Ken I think you can do it. The tough part is getting it chucked so it is bored out with no run out. As you said once the adapter fits tight on the spindle you can mark  the mounting holes and drill and tap for 8mm studs. Fortunately The 55mm recess is already concentric with zero run out so you can use an indicator to get it centered for boring.

Ken you have already made it up to me. I am so happy that a good person can use it. I am tracking the shipment. It left Tulsa ,OK at 543 am.
If you have any problem with USPS tracking let me know.
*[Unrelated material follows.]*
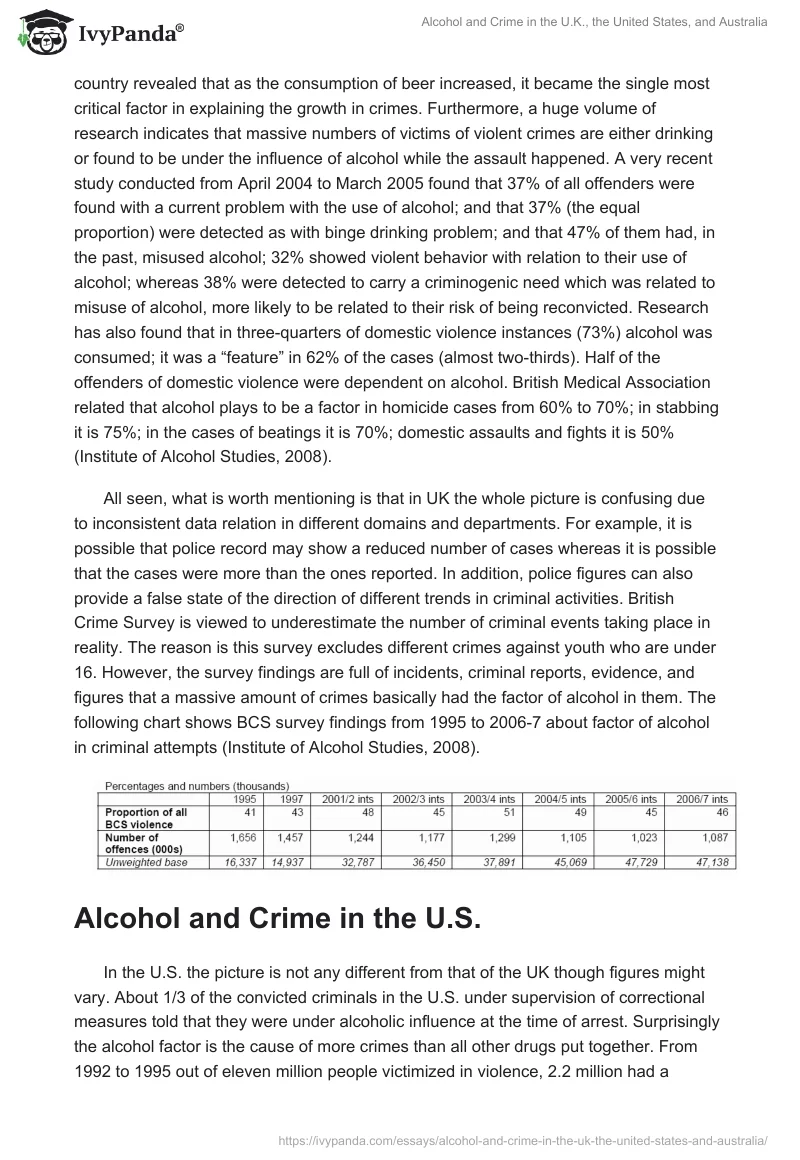 Alcohol and Crime in the U.K., the United States, and Australia. Page 2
I can send you updates.

Roy


----------



## Ken from ontario (Jul 26, 2018)

Locating and drilling the mounting holes is not a big problem but mounting  and centering the back plate itself could be an issue . I am thinking of machining an arbor to fit in the center hole and tap a hole in the center of it and connect it to a long rod that would stick out from the back of the lathe so I can tighten it and then mic the backplate and center it that way, I'll see once I have it in my hands,. there could be other ways to mount the back plate on my lathe with the registration recess facing out.

I do have the tracking # you sent me but never checked the status yet , I'm not worried, in all the years of dealing with USPS I have never had a single issue with their service, same goes with our Canada post, I think by next friday or I'll have my chuck.


----------